**TI 84 Plus: Numerical Second Derivative of Two Variables and OS 5.1 Update**

**TI 84 Plus OS 5.1 Update**

Texas Instruments released an update for the TI-84 Plus CE
calculator 5.1. The link to download this update is:

I recommend that you save your programs and downloaded apps
because installation will erase unarchived memory.

**TI-84 Plus: Numeric Second Derivatives of Two Variables**

The program DBLDERIV approximates the double second order
partial derivatives of the two variable function f(x,y).
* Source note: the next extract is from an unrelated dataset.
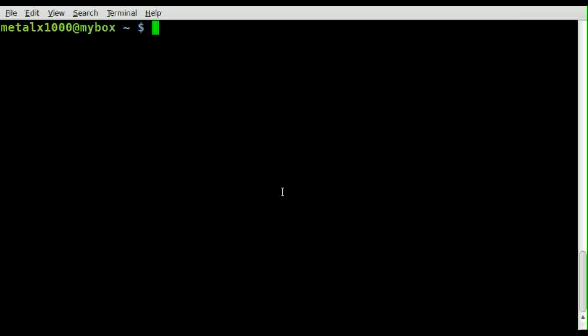Today we're going to be looking at the screen command once again. This time we're going to be looking at splitting our screen so we can see more than one terminal session in a terminal window.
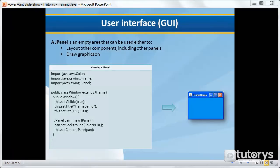In this tutorial we're going to be seeing what a JPanel object is in Java, and then we're going to be seeing how to use it.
The program returns three results:

d^2/dx^2, stored in variable C.

d^2/dy^2, stored in variable D.

d^2/dxdy, stored in variable E. For continuous functions, d^2/dxdy =
d^2/dydx, and the program assumes that this is the case.

**Formulas Used**

For the function f(x,y) given Δx and Δy:

Let H = Δx and K = Δy.
Note that H and K do not have to be equal values. H and K are typically
small (such as 0.0001 to 0.01).

Then:

d^2/dx^2 = 1/H^2 * ( f(x+H,y) – 2 * f(x,y) + f(x-H,y) )

d^2/dy^2 = 1/K^2 * ( f(x,y+K) – 2 * f(x,y) + f(x,y-K) )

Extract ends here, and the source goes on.